More on City Planning

Wow how long has it been since I last entried.

I'm still working my way through Jane Jacobs' book, and now someone has put a hold on it, so I can't renew and have to return tomorrow. Ordinarily I wouldn't mind stopping a non-fic right in the middle and just taking away the ideas gleaned thus far. In this case however I find each of her ideas new and interesting enough to get all the ones in this book. I'd like to share an excerpt before I turn this thing in, it's a particularly indicative paragraph that shows quality of writing and the clarity of mind which created this work.

Jacobs has turned her attention to the financing of large, in her words, cataclysmic, urban renewal programs, i.e. projects. She is truly breaking down the approach that only huge dumps of cash and wholesale renewal is the answer. She clearly identifies problems, such as dearths of funding for areas that have been blacklisted by banks. She indicts city planners in linking their maps to the maps at the bank. She then starts to explain an alternative theory, not one to only rip to shreds the views she doesn't agree with.

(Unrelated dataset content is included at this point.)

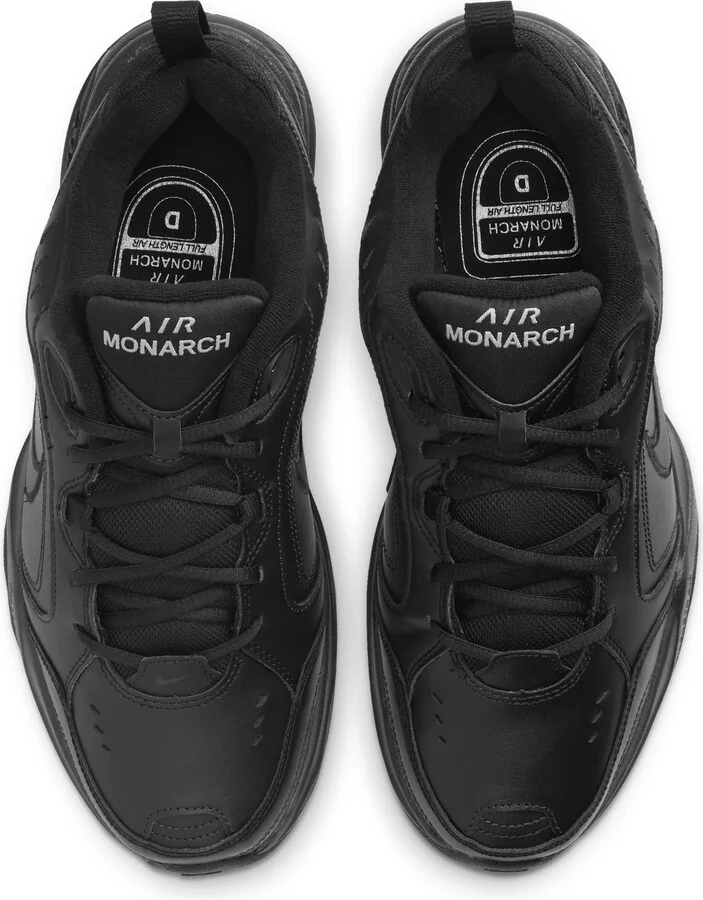 Nike Men's Air Monarch IV Workout Shoes in Black | 415445-001 - Image 4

This paragraph is her segue, and I think it's indicative of the ills of many many people who think in only one way, especially in an erroneous way, a way that was and so always will be so. From page 418:

All that is indeed no small accomplishment. The devices of large-scale clearance, slum shifting, slum immuring, project planning, income sorting, use sorting have become so fixed as planning images and as collections of tactics that city rebuilders, and most ordinary citizens too, face a blank when they try to think of city rebuilding without these means. To get past this obstacle, we must understand the original misconception on which the rest of the fancy structure rests.